Data for this task section start

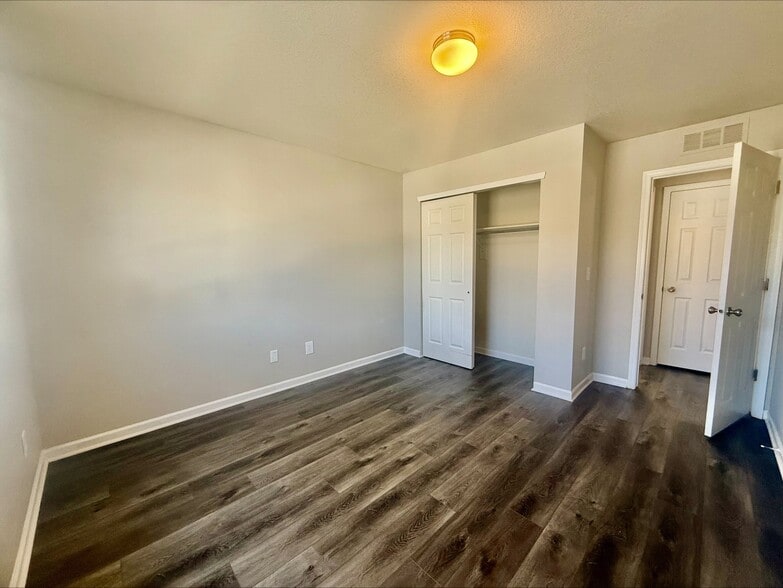 Building Photo - 3721 Miranda Ave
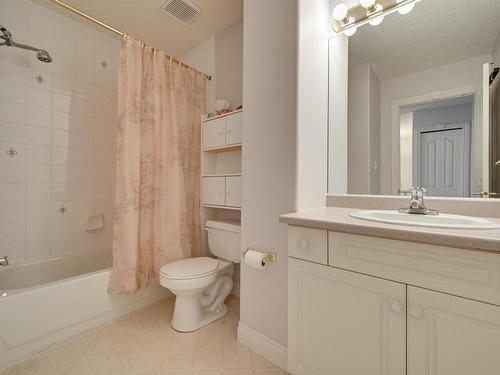 12 882 Ryan Place, Edmonton, AB - Indoor Photo Showing Bathroom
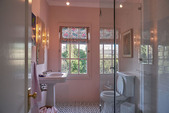 Enlarge photo 105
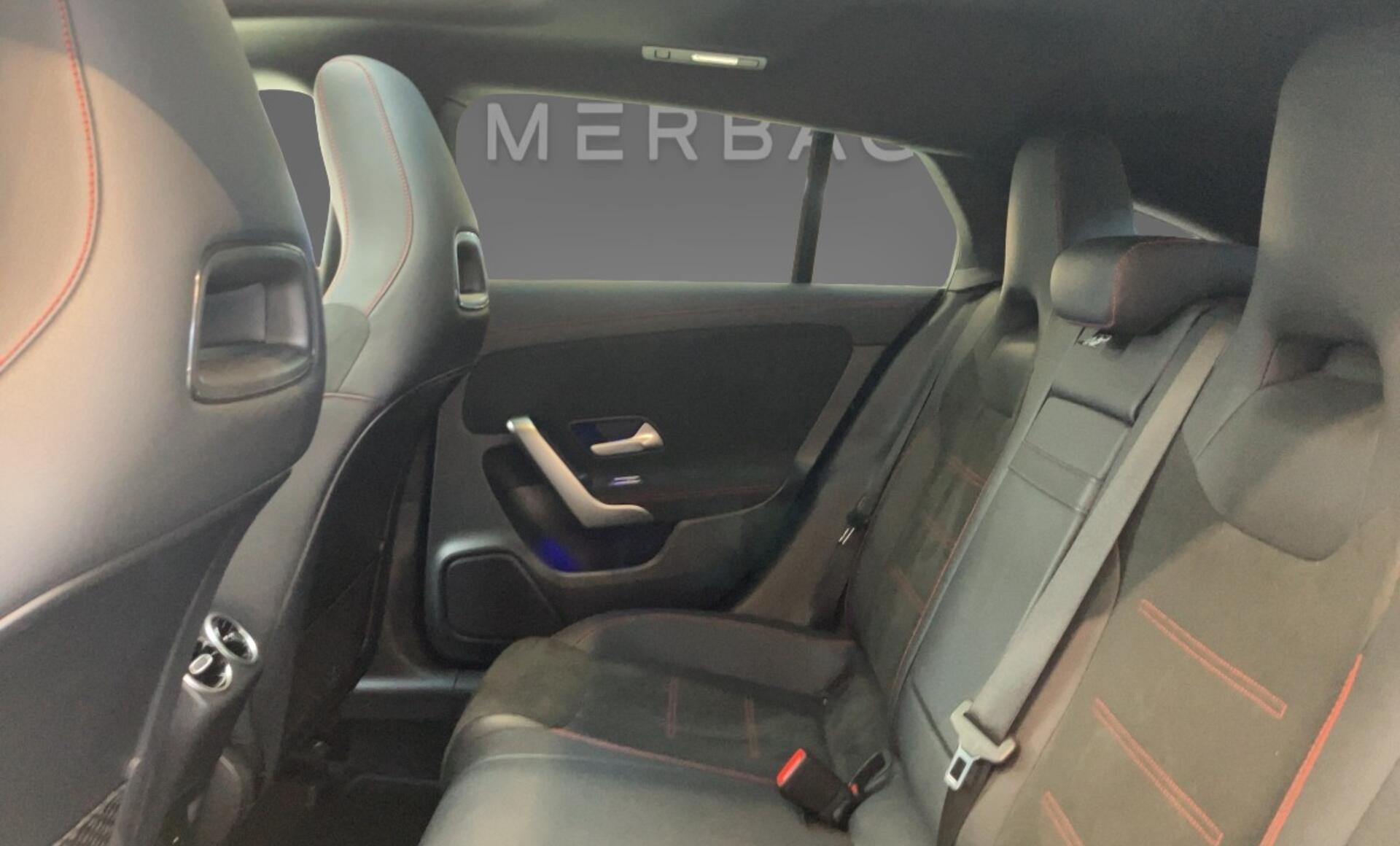Mercedes-Benz - CLA 200 Shooting Brake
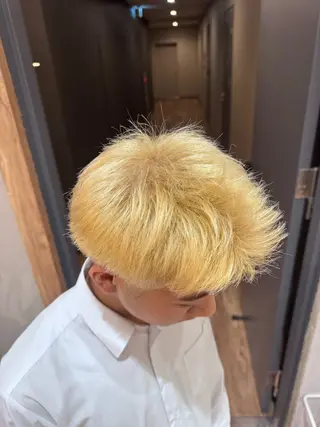 カラー 吉松 ここみのヘアスタイル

Data for this task section end

Exercise details >>
Set down each entry again exactly as written. Pictures stay out.

Response area >>
 Building Photo - 3721 Miranda Ave
 12 882 Ryan Place, Edmonton, AB - Indoor Photo Showing Bathroom
 Enlarge photo 105
Mercedes-Benz - CLA 200 Shooting Brake
 カラー 吉松 ここみのヘアスタイル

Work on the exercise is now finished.